══ DATASET SECTION ══
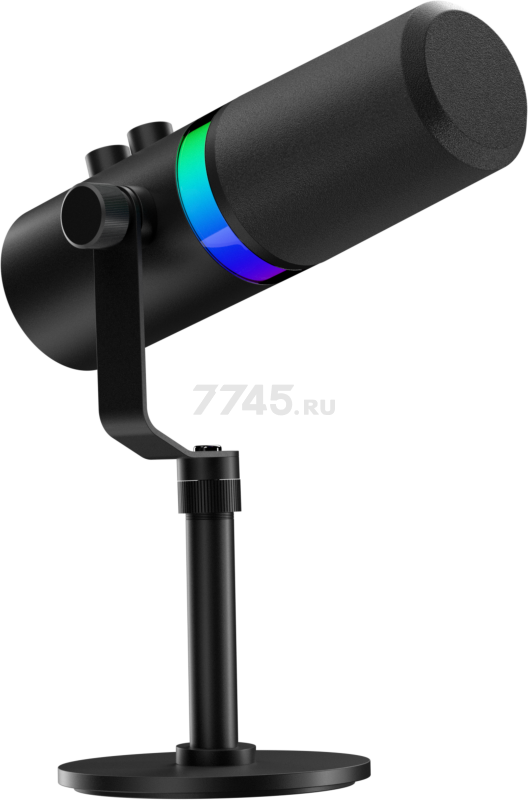 Игровой микрофон URZUS UR-5469113 - Фото 7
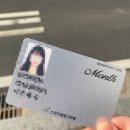 스포츠그린힐 수영장 이미지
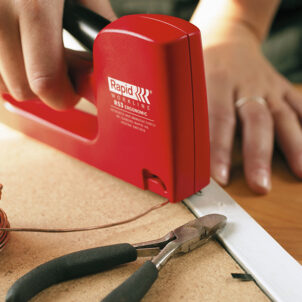 R53E Staple Gun - Image 4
═══
§ EXERCISE DETAILS: Every line of the material should be repeated precisely; pictures are to be excluded.

§ SOLUTION FOR THIS TASK:
 Игровой микрофон URZUS UR-5469113 - Фото 7
 스포츠그린힐 수영장 이미지
 R53E Staple Gun - Image 4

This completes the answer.